Well, since Loma got equal billing in the title of this adventure, she needs to get her story out too.   To that end, I’ll include three short Loma stories to share her highlights of the trip.  So, you’ll find three Loma anecdotes included in this report, including stories about horses, cows, and a modern day Oklahoma land run!
 
Loma (horses):   I pulled off on a country road to let Loma out.  We both stepped out of the car to stretch our legs.  Loma looked up at the nearby field and took off to chase two horses that were in the field.  Oh-no, I said.  I yelled for her to come back, but she kept on chasing them towards the far end of the field where a house was at.  I could just see me having to walk to the other end, dodging horse droppings, just to have to explain to some shotgun toting farmer, that my dog doesn’t come when called.  She finally heeded my calls (likely after she got close enough to know that horses are BIG) and ran back to the car leaving me in the field.  I swear she had a grin on her face. 

 The sun had set before I got into Guymon. Wow, that glare was brutal, as I drove due west into the setting sun! I had no problem finding the Super 8 Motel, along the highway. The Super 8 Motel, was only $59, with a hot breakfast, and a $7 pet fee. I found Martha’s Diner, which advertised a Green Chile Chicken Fried Steak. You couldn’t have suggested anything better! It was really good. Later that evening, Loma helped me choose which Book-on-Tape to listen to during the drive. Loma and I fell asleep watching the Lakers lose on ESPN. It was a good day!
I am a notorious early riser (sorry Loma).  By 7 AM, I had showered, eaten a (very good) hot breakfast, walked Loma, loaded up, and checked out.  Today’s agenda includes the rest of the Oklahoma panhandle, including Texas and Cimarron Counties (Please see table for the (lack of) density stats), the Black Mesa, the city of Kenton, and the tri-state border of Oklahoma, Colorado, and New Mexico; all before heading home. 

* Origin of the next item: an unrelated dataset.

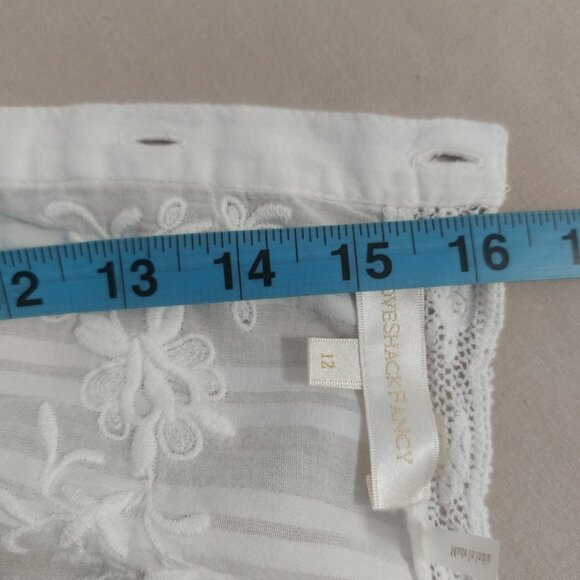 LoveShackFancy Top White 12 Long Sleeves Back Buttons Eyelet Cotton Romantic EUC - Picture 10 of 12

It was cool (21 degrees) and crisp as we headed west towards Boise City, Colorado, and New Mexico!  The picture, above, is actually the sun rising behind us as we drove west from Guymon towards Boise City.  The horizon is very flat, with only telephone lines to give perspective in front of a sunrise that glowed like a burning fire across the horizon.  It was breathtaking.  I sat there for about ten minutes watching the colors and hues shift around.  After a 2nd cup of coffee in Boise City at “Quick Stop” (there is no McDonald’s, and definitely no Starbucks), we headed west and north through the prairies.
I stopped at the Black Mesa State Park and spoke with the Ranger for about 10 minutes.  He told me I was only the 3rd person that had stopped by his lonely office all year!  He gave me a map (hand drawn) to the Dinosaur tracks and the tri-state marker.  Both of these are on private land, so I wouldn’t have found them without his help!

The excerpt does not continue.